Croatia from Split to Pula

September 2018

My favourite bits about Croatia were the beautiful drives perfect for a road trip, the national parks, and the awesome festival locations!

Quick Bites

Currency: HRK (Croatian Kuna)
Why to go: Ideal for road trips, natural parks, & festivals
Where to stay: Airbnbs with parking
How long to stay: 2-3 nights at each city max
Transport: Hire a car
Go with: A group of friends
Food: Very mediterranean

Why go to Croatia

The view over a cathedral by the sea
The cathedral at Šibenik

My friend and I actually decided to go to Croatia for a music festival. Pula boasts various popular festivals such as Dimensions and Ultra. We were headed to Outlook festival for a sunny dose of bass music to finish off summer. My favourite bits about Croatia were the beautiful drives perfect for a road trip, the national parks, and the awesome festival locations!
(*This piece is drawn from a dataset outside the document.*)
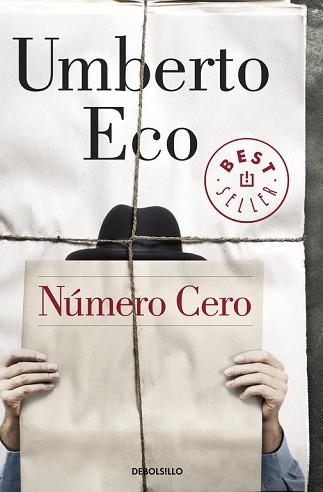 NÚMERO CERO | 9788466332002 | ECO, UMBERTO | Llibreria Aqualata | Comprar llibres en català i castellà online | Comprar llibres Igualada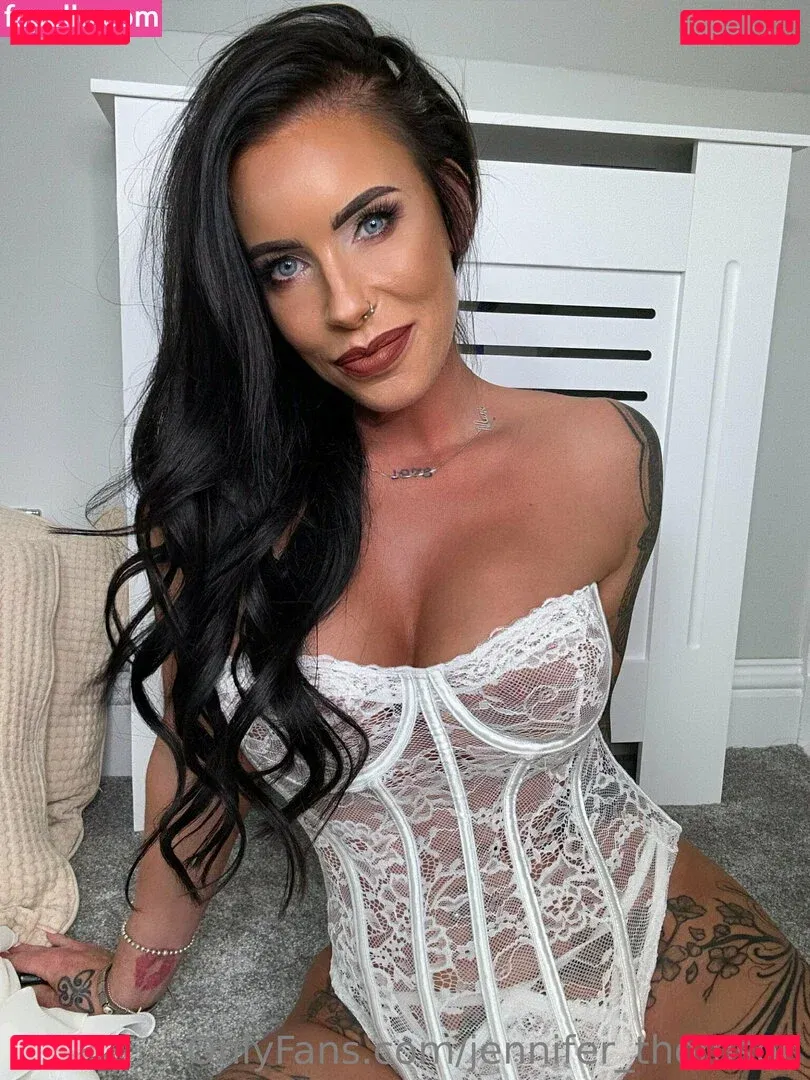 Jennifer Thomson Onlyfans Photo Gallery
Where to visit & what to do in Croatia

We wanted to see some of the country during our trip but knew we would be knackered post festival so we flew in early to the south of the country, Split, and decided to road trip up to the festival location, Pula. The start and finish points of our trip were hugely influenced by flight prices and convenience but we saw a good bit of the country and enjoyed some beautiful drives. Below are the locations we visited and what we did in each.
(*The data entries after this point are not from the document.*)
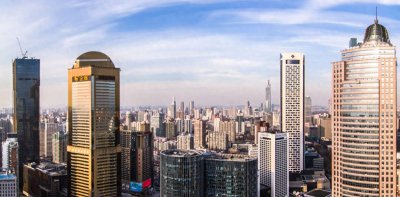 ​南京市人气最旺的5大商圈，你逛过几个？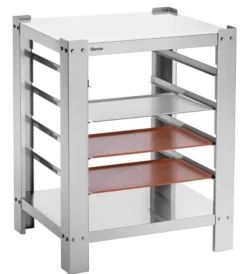 Soubassement pour Fours à Air Chaud AT211 AT220 AT230 - Bartscher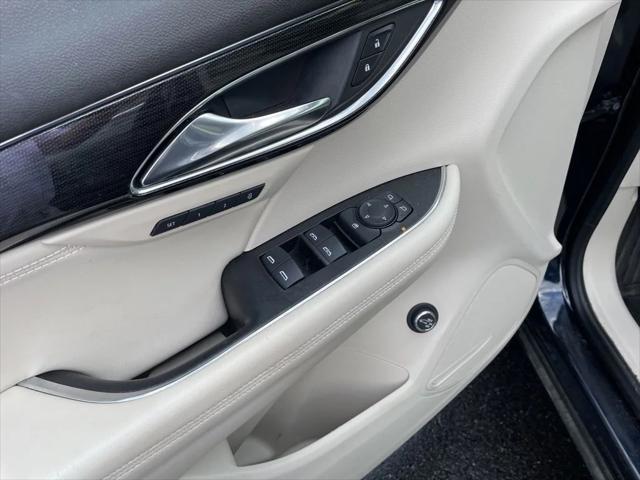2021 Buick Envision FWD Essence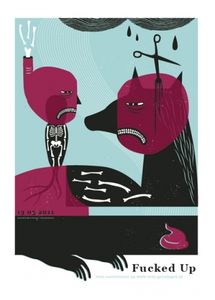 Fucked Up - Groningen, 2011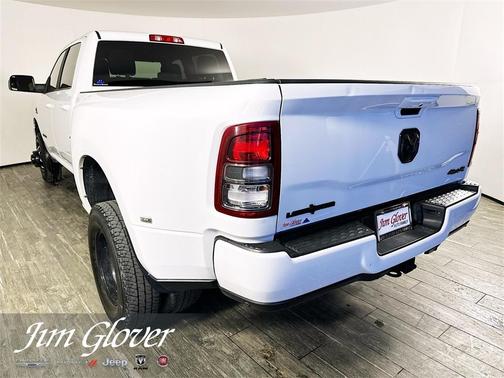 2021 RAM 3500 Big Horn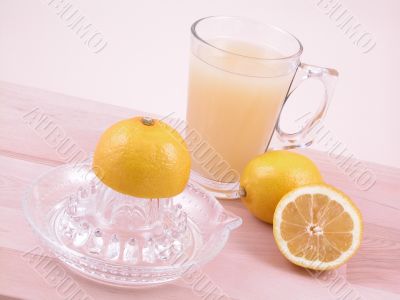 lemons squeezer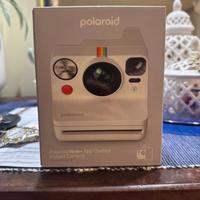 Polaroid 3 gen now+ bianca +cartucce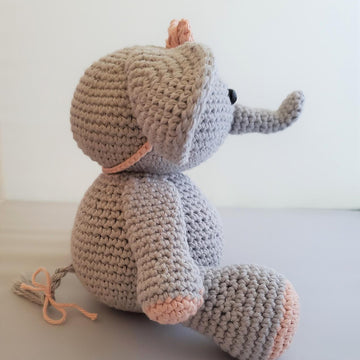 Eleanor the elephant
Waterfalls surrounded by a green forest
The waterfalls that were visible along the path at Krka National Park

We stayed in Split for 3 nights, largely because it was the minimum stay at our Airbnb but it worked perfectly as a base from which to do day trips to Krka National Park and Hvar. Split in itself has good nightlife (full of young people from all around Europe making their way up to the festivals in Pula) and a delightful old town to roam. One of our favourite bits was a tiki bar placed in one of the old town squares that transitioned from serving smoothies to cocktails as the sun dropped. Krka National Park is roughly a 1 hour drive from Split and boasts some awesome waterfalls where you can take a dip, which feels well deserved after your walk to get there.


Hvar is known as a party island for the rich. I believe it was featured as a Made in Chelsea holiday season destination. You understand why when you arrive on a ferry from Split to a port with several yachts. The ferry trip takes around 1.5 hours one way but is pleasant. We opted to not take our car and explored the quirky streets of Hvar by foot and hiked to some more secluded beaches away from the port. The water was beautiful here and some of the hotels looked stunning, but personally I was more enthralled by the parties had during the festival!


The drive from Split to Šibenik was only around 1 hour. We found a cute pop art style flat last minute and arrived at night ready to check out the city the next day. Šibenik is an awesome place to roam around in the sun, particularly the old town streets. If you wind your way up through the old town you reach St. Michael Fortress which gives you a great view over the city.


A sunset over the sea with mountains and a boat in the distance
The view of the sunset from the sea organ in Zadar

The drive to Zadar from Šibenik was again only about 1 hour (this country is honestly ideal for a road trip). The old town in Zadar is where its at. It is perfect to walk around and has plenty of options for a nice dinner and a cheeky ice cream whilst the sun goes down. One of our favourite spots was the Sea Organ, where you can sit on the marble steps leading into the ocean and watch the sunset accompanied by the sounds created by the waves and the 35 organ pipes under the steps. Next to the Organ was the Sun Salutation which is essentially a massive solar panel which uses the day’s sunlight as energy to light up a series of multicoloured light on top it. These exhibitions are the coolest bits of Zadar so you can imagine they can get quite busy!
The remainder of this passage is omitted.